[cabfpub] FW: Pre-Ballot 164 - Certificate Serial Number Entropy

Jacob Hoffman-Andrews jsha at letsencrypt.org
Fri Jun 24 00:52:55 UTC 2016


On Thu, Jun 23, 2016 at 5:41 PM, Erwann Abalea <eabalea at gmail.com> wrote:

> (Sending from my personal email, so this may not go to public).
>
> Bonsoir,
>
> On the intent:
> - Basic collisions of hash functions have always been resistant up to a
> 2^(n/2) work effort, n being the digest size (replace "what is should be"
> by "its output size").
> - Adding random bits at the very beginning of the hashed data changes the
> necessary attack from a chosen-prefix collision into a random-prefix
> collision (not a preimage yet, not even a second preimage). It's important
> for the random bits to be at the beginning and not at the end of the
> tbsCertificate (random-prefix).
> - This is not a solution against a completely failing hash function, just
> a mitigation against an aging hash func that sees its collision resistance
> weaker than expected (only works when collision resistance is affected,
> doesn't work against preimage or second preimage attack).
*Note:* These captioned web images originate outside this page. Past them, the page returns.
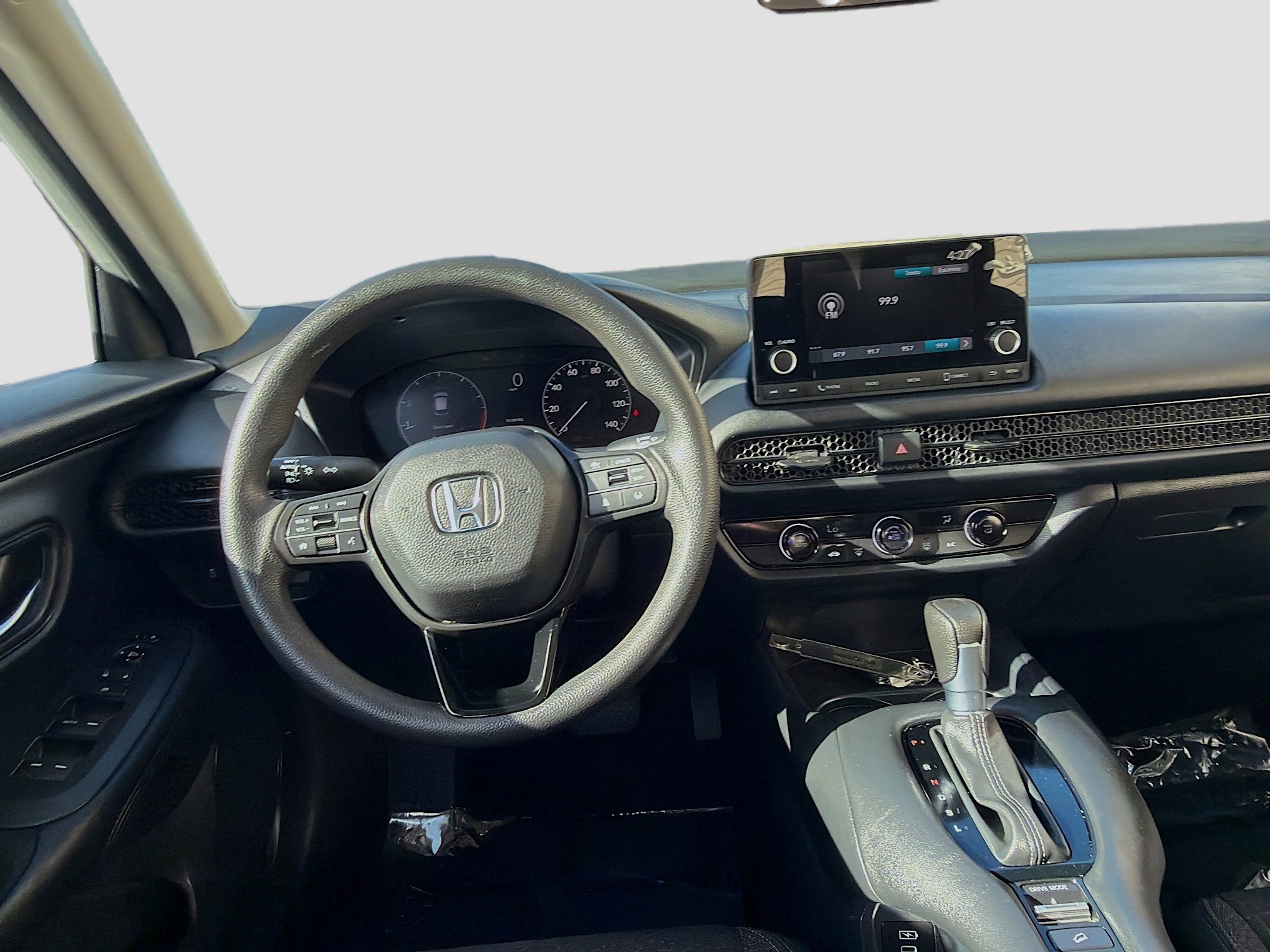 Certified 2025 Honda HR-V LX image 20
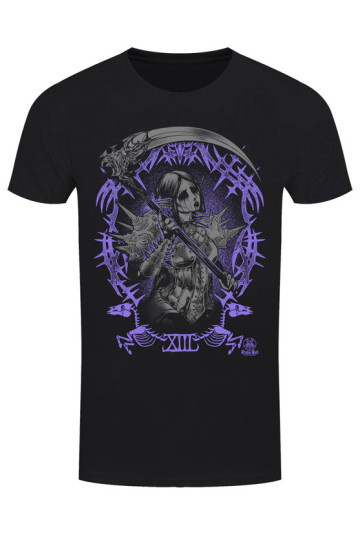 Pinku Kult Death T-shirt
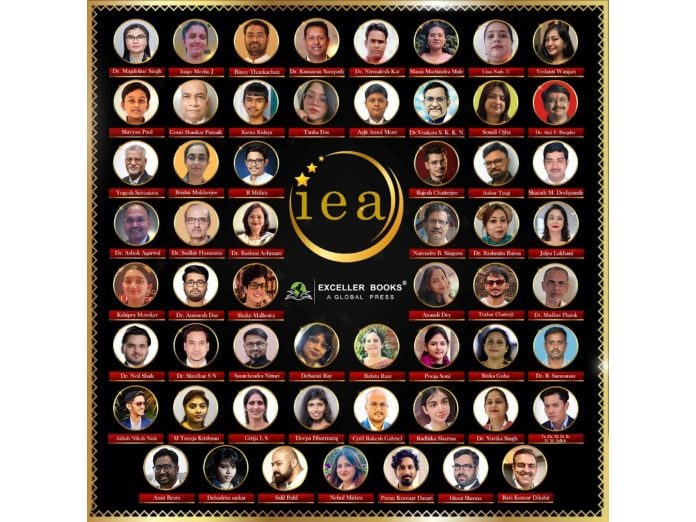 Exceller Books Recognises Outstanding Voices with International Excellence Award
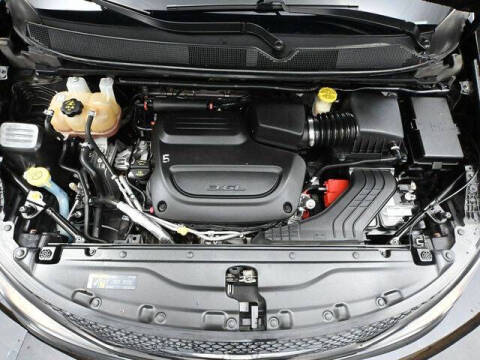 2019 Chrysler Pacifica Touring L Plus
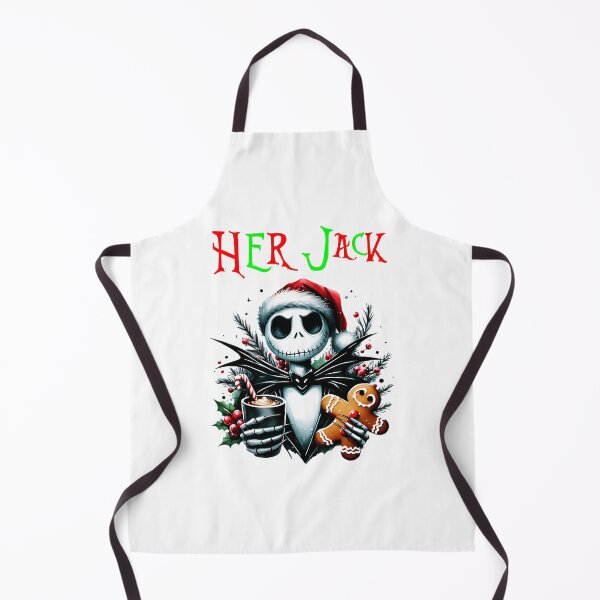 Item preview, Her Jack Skellington Movie Nightmare Before Christmas - Dark  designed and sold by AliHeinze.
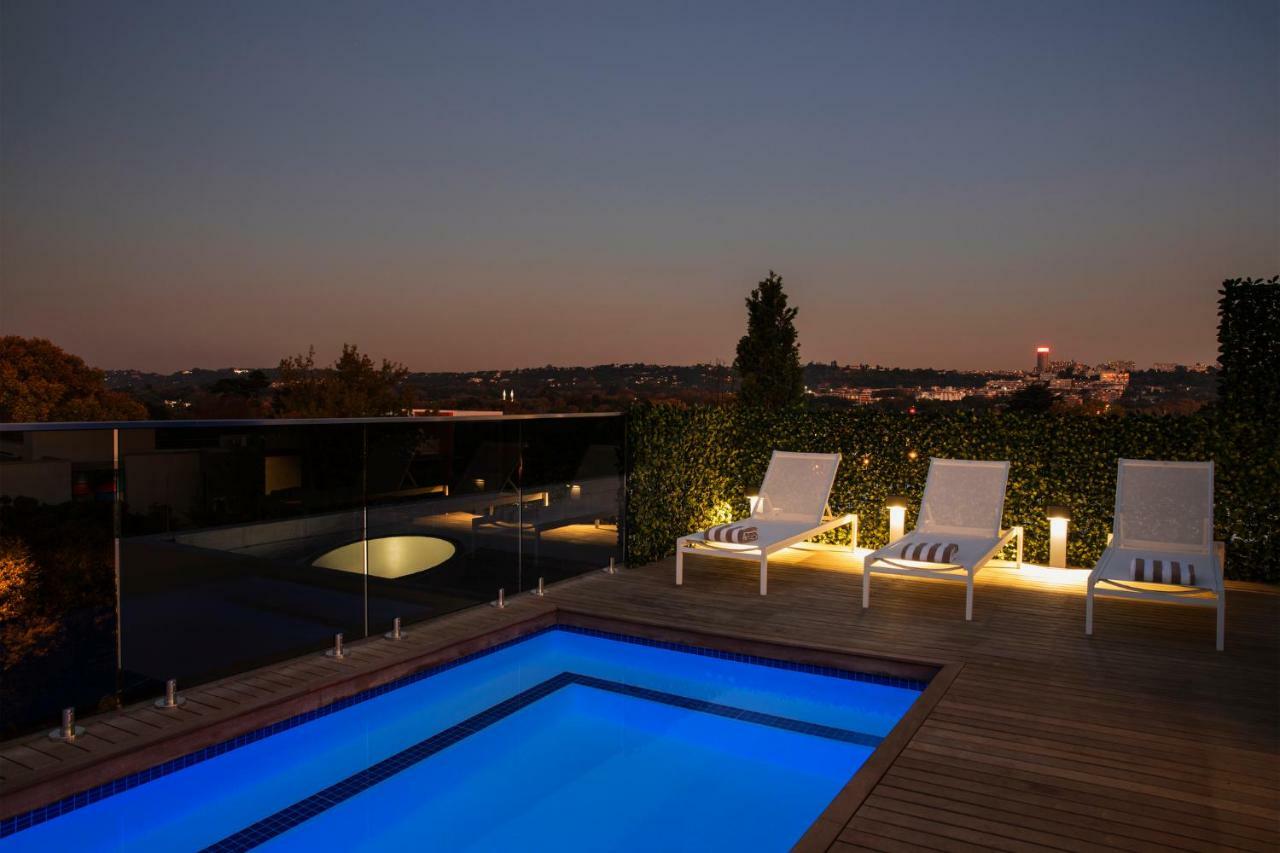 Home Suite Hotels Rosebank Johannesbourg Extérieur photo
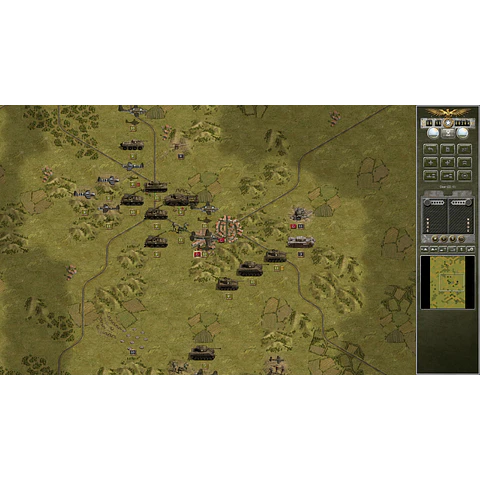 PANZER CORPS: U.S. CORPS '43 STEAM KEY GLOBAL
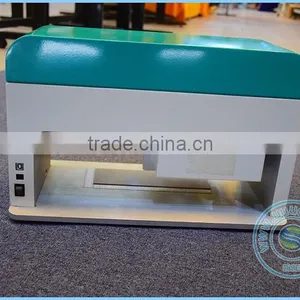 High Precision Mini Automatic 57mmX170mm Portable Hot Stamping Machine thumbnail-4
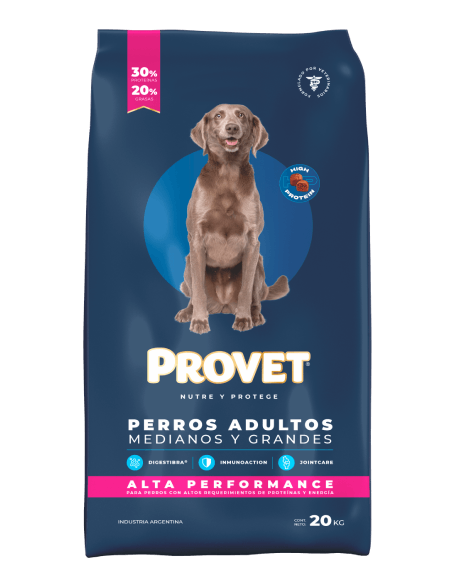 PROVET ADULTO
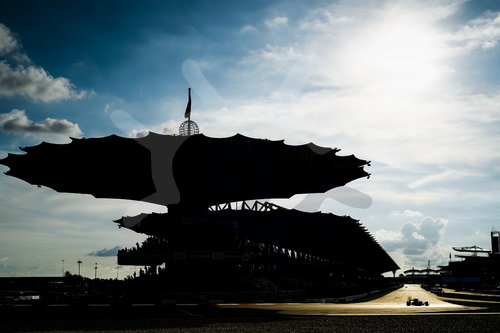 Motorsports: FIA Formula One World Championship 2017, Grand Prix of Malaysia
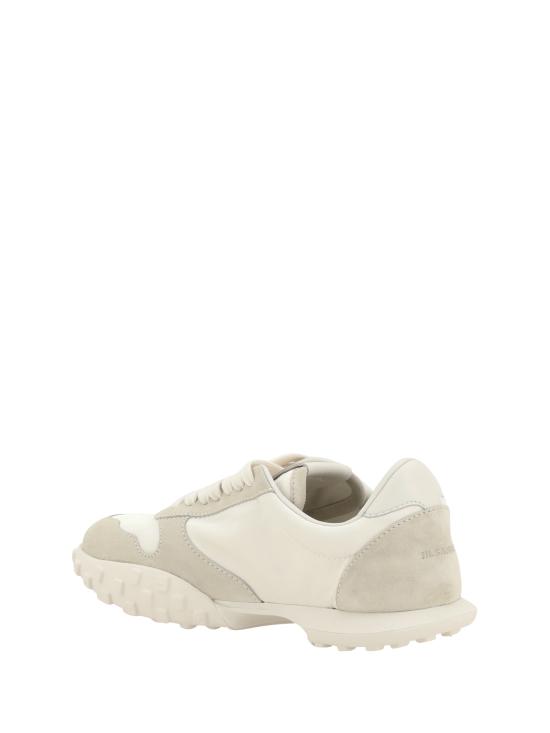 25SS 질샌더 스니커즈 J16WS0031P0156 122 CREAM - JIL SANDER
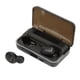 thumbnail image 4 of Auriculares inalámbricos Bluetooth, auriculares Bluetooth estéreo con cancelación de ruido, auriculares deportivos Bluetooth, artesanía superior, 4 of 9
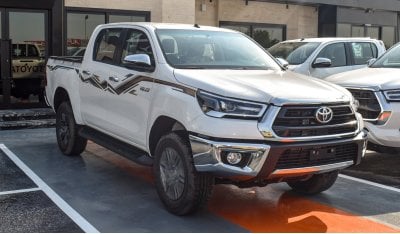 Toyota Hilux SR5. 2.7L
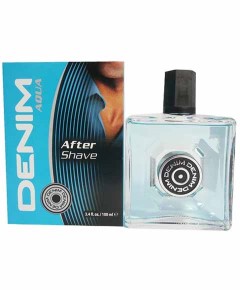 Denim Aqua After Shave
See it as an
> additional margin time to move away from this hash, and facts prove again
> today that this move can be very hard to do (SHA1 discussions).
>

Excellent corrections, thank you.

Amended intent:

As demonstrated in
https://events.ccc.de/congress/2008/Fahrplan/attachments/1251_md5-collisions-1.0.pdf,
hash collisions can allow an attacker to forge a signature on the
certificate of their choosing. The birthday paradox means that, in the
absence of random bits, the security level of a hash function is half its
output size. Adding random bits to the very beginning of issued
certificates mitigates changes the necessary attack from a chosen-prefix
collision into a random-prefix collision. For a long time the BRs have
encouraged adding random bits to the serial number of a certificate, and it
is now common practice. This ballot makes that best practice required,
which will make the Web PKI much more robust against all future weaknesses
in hash functions, buying additional time to transition away from failing
hash functions in the future. Additionally, this ballot replaces "entropy"
with "CSPRNG" to make the requirement clearer and easier to audit, and
clarifies that serial number must be positive.